In a report released June 28, Will Dunning, Mortgage Professionals Canada’s chief economist, warned against further tightening mortgage lending conditions in Canada, saying it would significantly reduce housing activity. According to Dunning, housing activity is a primary driver of the Canadian economy and any adjustments to mortgage lending that removes people from the market could have serious adverse effects.
The past few years have seen Canadians waiting for the housing bubble to burst, but Dunning says that there is insufficient proof that a bubble even exists. He supports this by saying statistical research shows that increases in home prices has very little influence on market activity, and low interest rates have created “affordability space” in which Canadian home prices could increase. Instead of supporting the claim of housing market bubbles, this shows that housing markets in Canada incorporate fundamental economic conditions, as well as other local conditions.
“Economic fundamentals can change,” said Dunning in a press release. “One of those fundamentals is availability of finance. There is a risk that changes in policies of lenders or mortgage insurers that reduce access to mortgages could cause an unnecessary drop in housing demand and housing prices, and bring consequent economic damage.”
Following widespread calls for further tightening of mortgage lending conditions in Canada to address what may be called excessive risk, Dunning says that there is no evidence of an increase in risk by borrowers or lenders. Policy changes made by mortgage insurers or lenders cause a larger risk to the housing market and would make it harder to finance home purchases.
“Now that the energy sector is no longer a major economic driver, a healthy housing sector is even more essential,” adds Dunning. “It would be tragic to unnecessarily impair this key economic force. Such errors have the potential to cause a sharp downward adjustment of prices.”
Economic confidence is what most influences purchase decisions of future homeowners, according to The Next Generation of Homebuyers, a survey by Mortgage Professionals Canada. Most of those surveyed feel that Canadian real estate is a good long-term investment and 72 per cent say a mortgage qualifies as good debt, as long as Canada is on strong economic footing.
The report also states that job growth has been a large driver of housing activity, but record-low interest rates make this an unusual time as interest rates have a greater influence. Canada is currently experiencing a market that favours sellers, where there is strong demand for housing and a flat supply. The report also finds that over the past five years, the average resale price of a home in Canada has increased by 6.4 per cent per year on average, according to the Canadian Real Estate Association.
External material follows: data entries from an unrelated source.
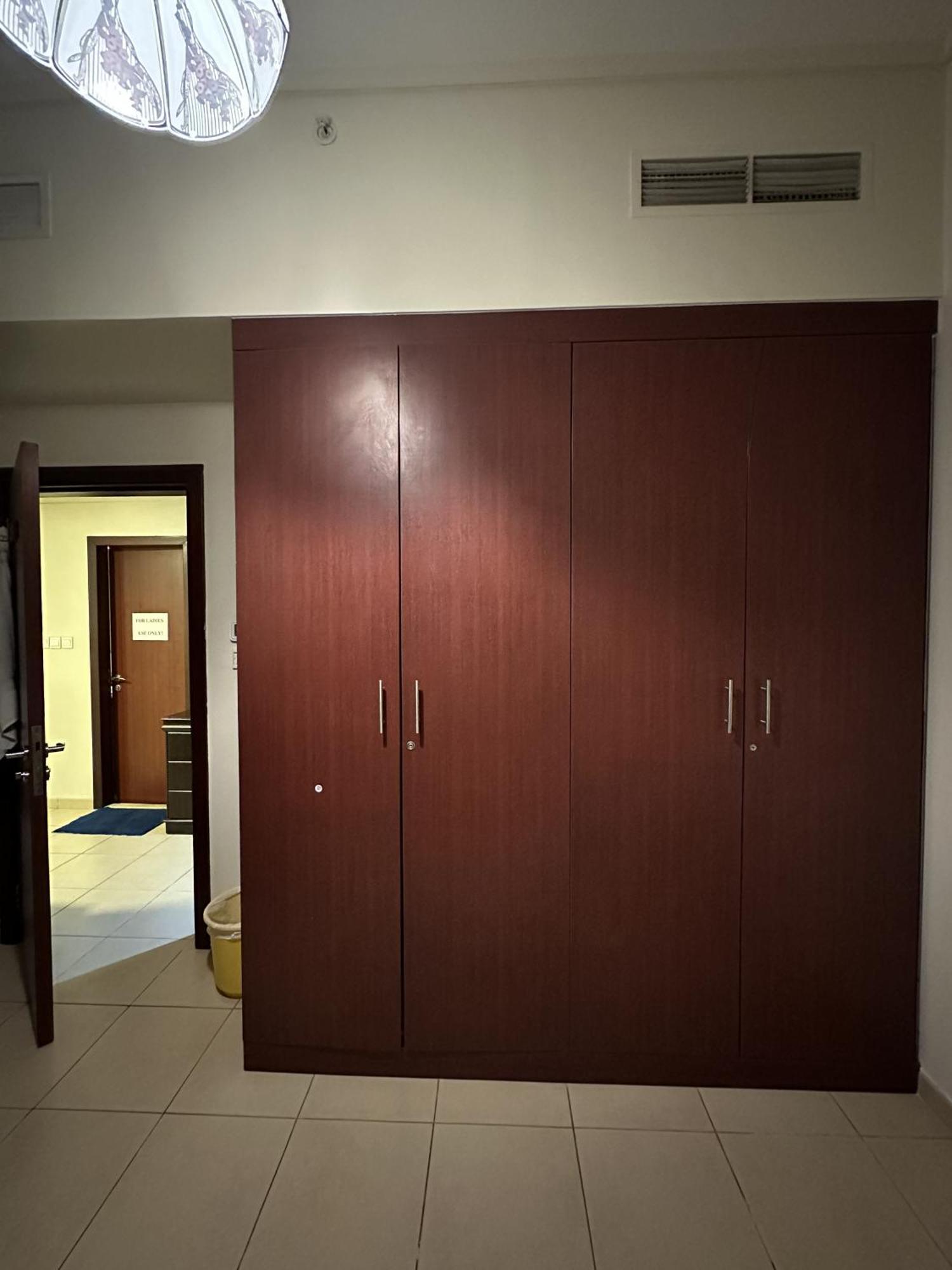 Bollywood Beach Hostel Dubai Exterior foto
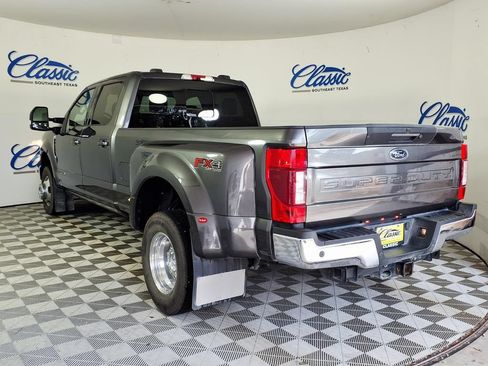 Used 2020 Ford F350 Lariat w/ Lariat Ultimate Package AWD/4WD image 2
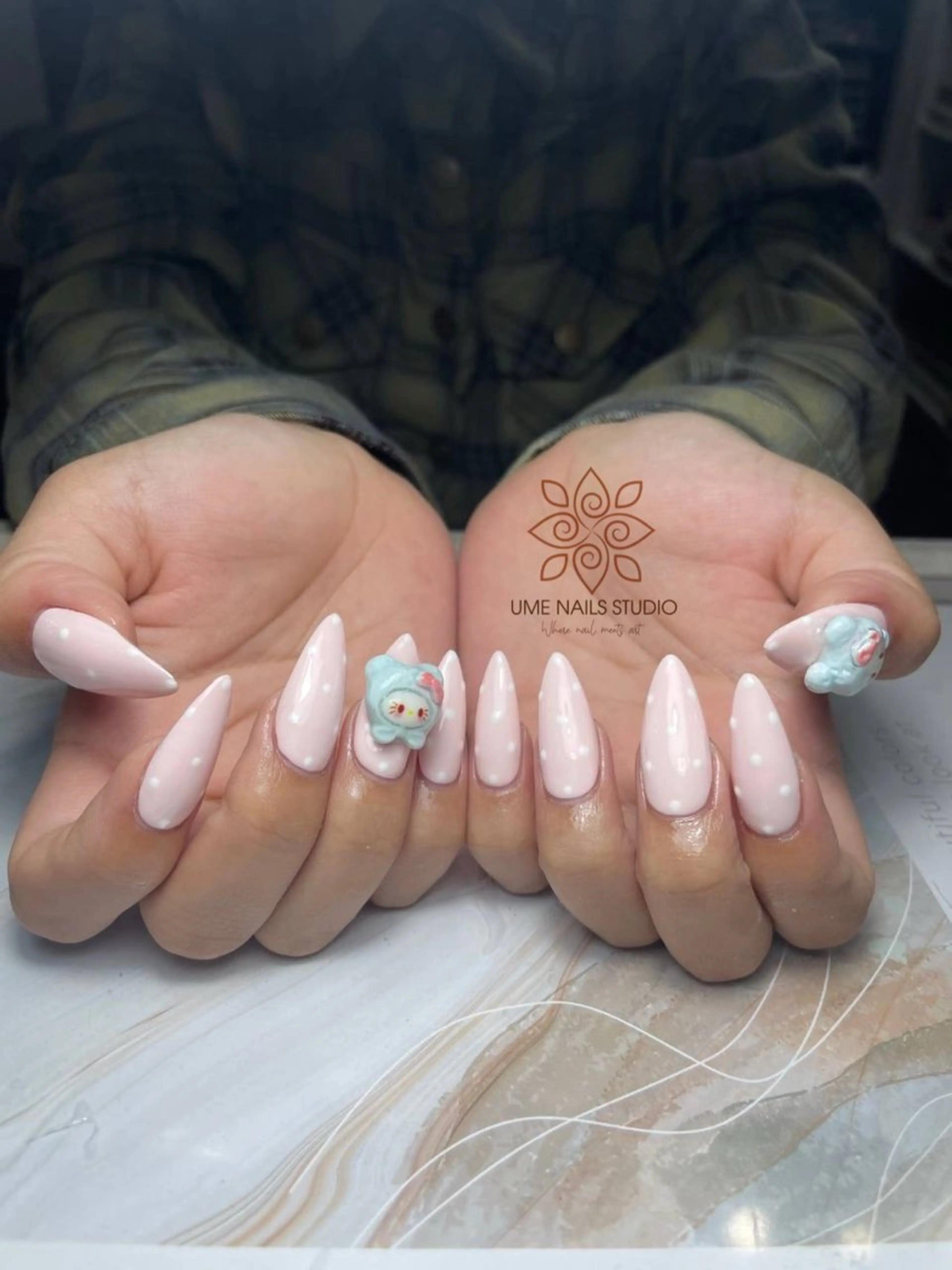 ネイル チークネイル クリアネイル ガーリー キラキラネイル 韓国ネイル ハンドネイル Ume Nail Studioのネイルデザイン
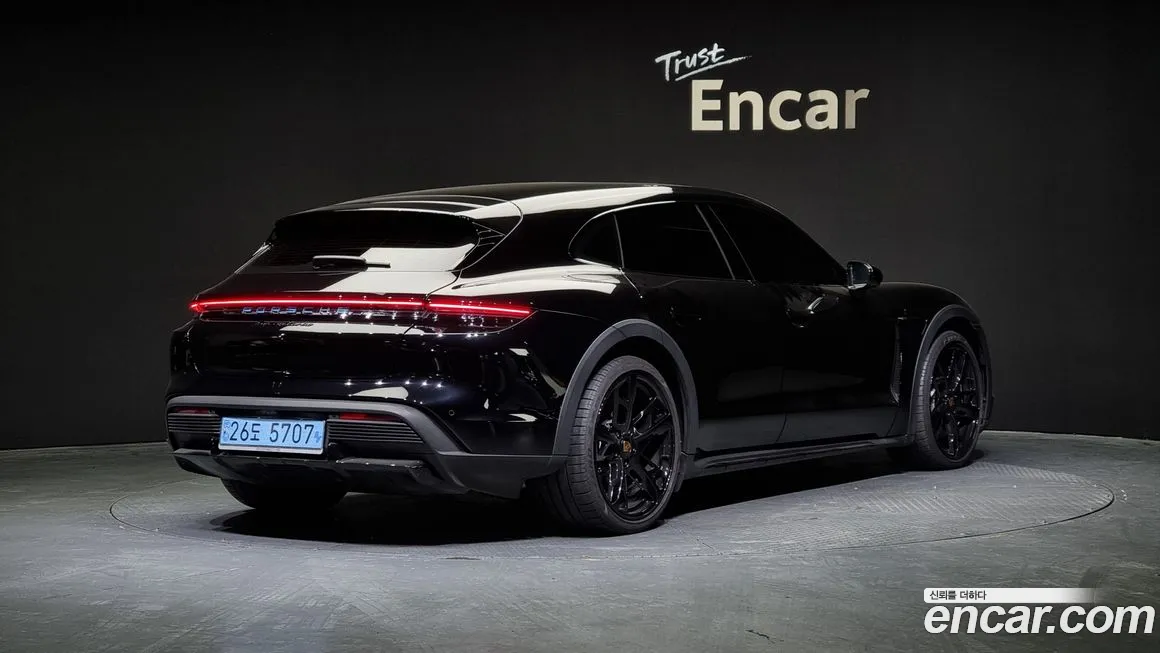 Porsche Taycan id 1036743 из Кореи 12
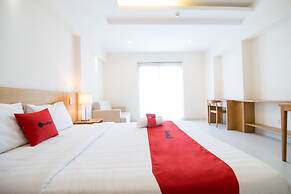 RedDoorz Plus near SECC D7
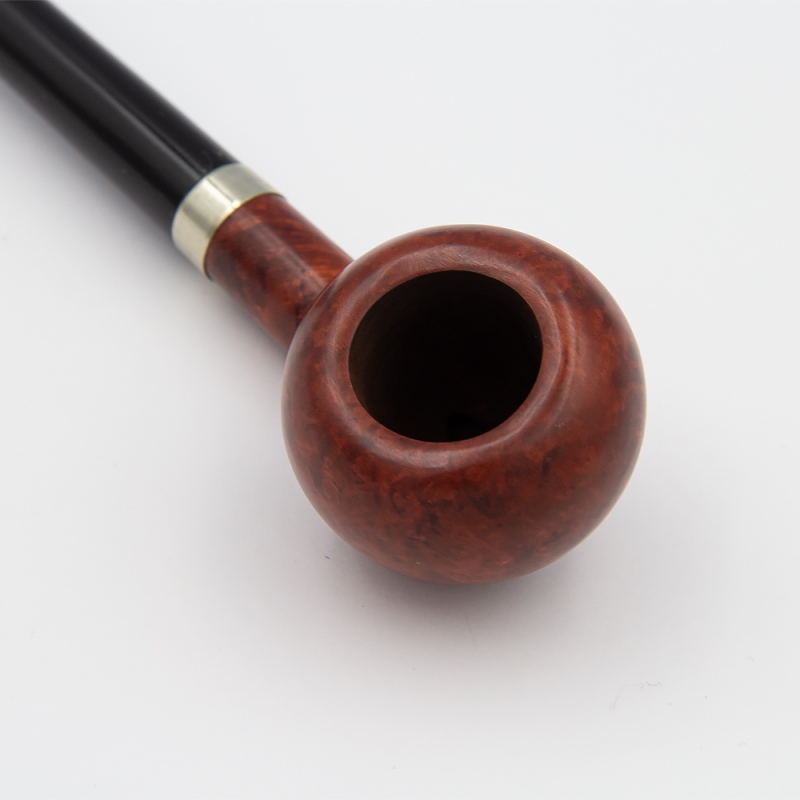 owalny cybuch w kolorze czerwonego drewna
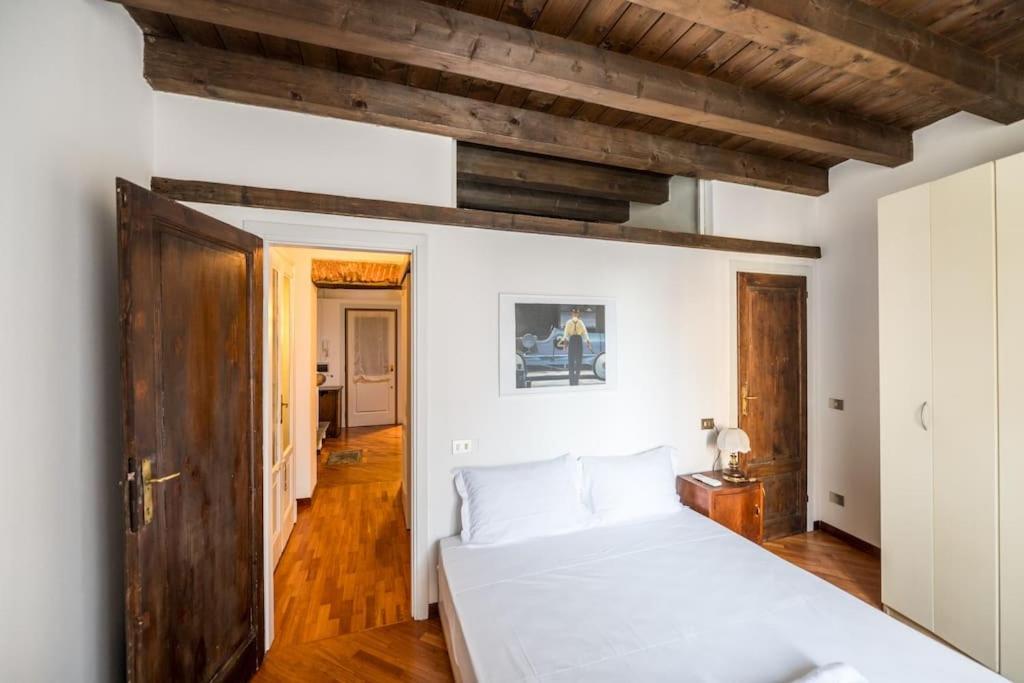 Wonderful Two Floors Apartamento Milão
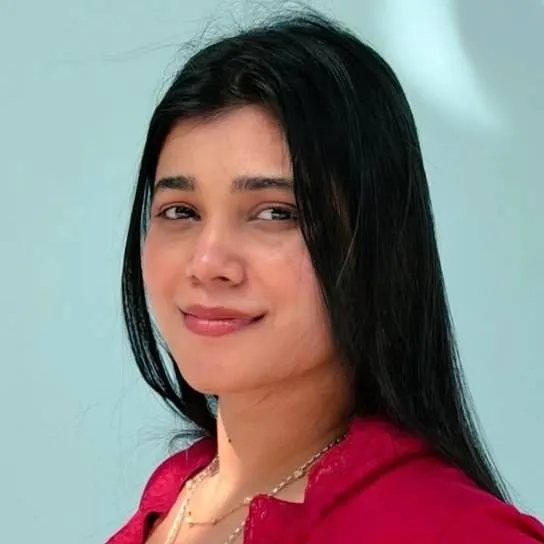 chat with ai character: Rashmi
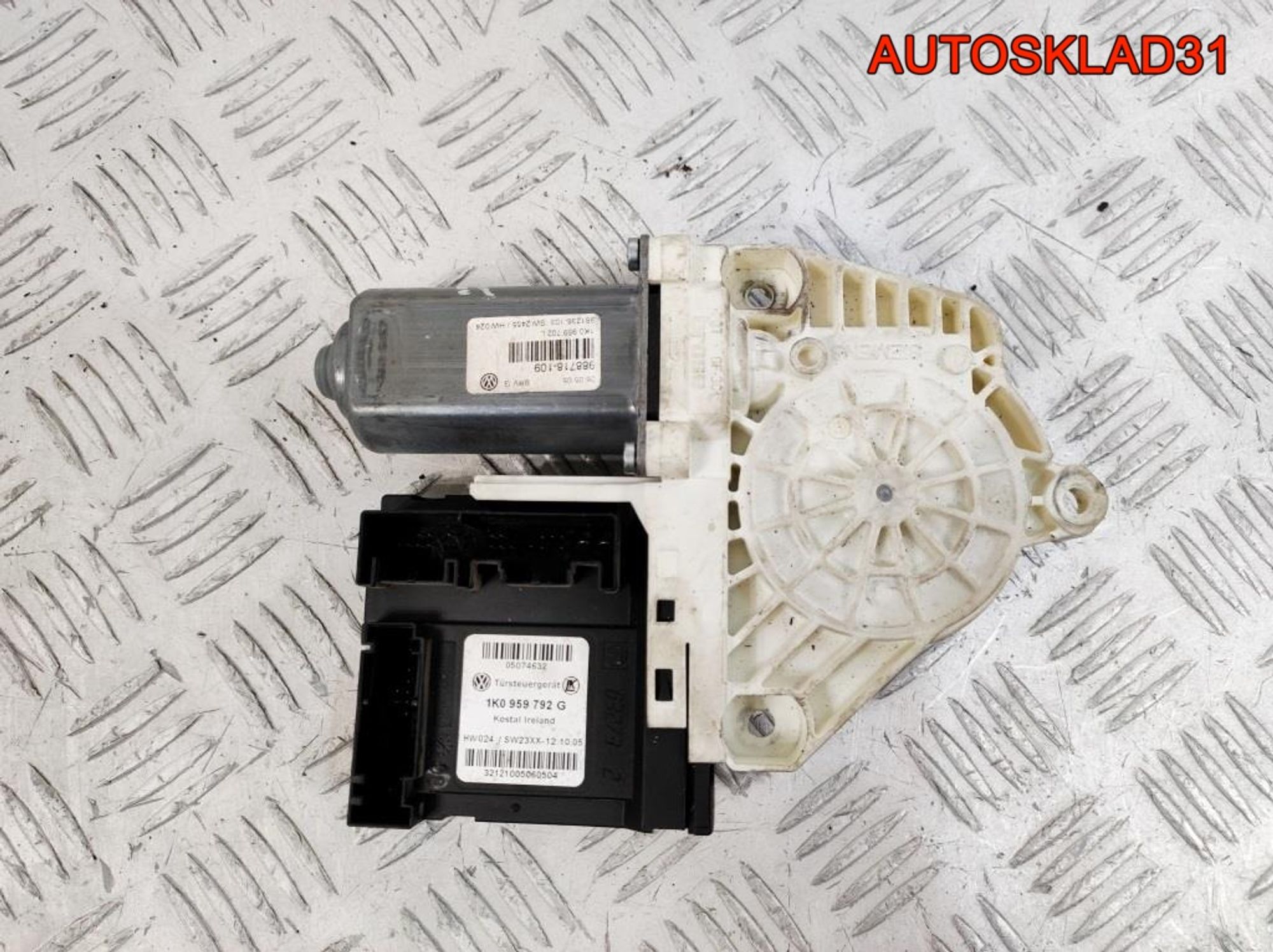 Мотор стеклоподъемника передний правый VW Passat B6 1K0959702L, 1000 рублей, Дубовое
When housing affordability is calculated using the actual interest rates that can be found in the market, conditions are excellent across Canada, even in the case of higher home prices, which increases demand. An increase in interest rates that lasts for more than a few months could cause mortgage costs to grow to unaffordable levels, limiting housing activity. The recent strength of housing indicators is largely caused by Vancouver and Toronto and their surrounding areas. Anecdotal evidence finds that in Vancouver, foreign investor activity is distorting the housing market; a trend that may also be happening in Toronto.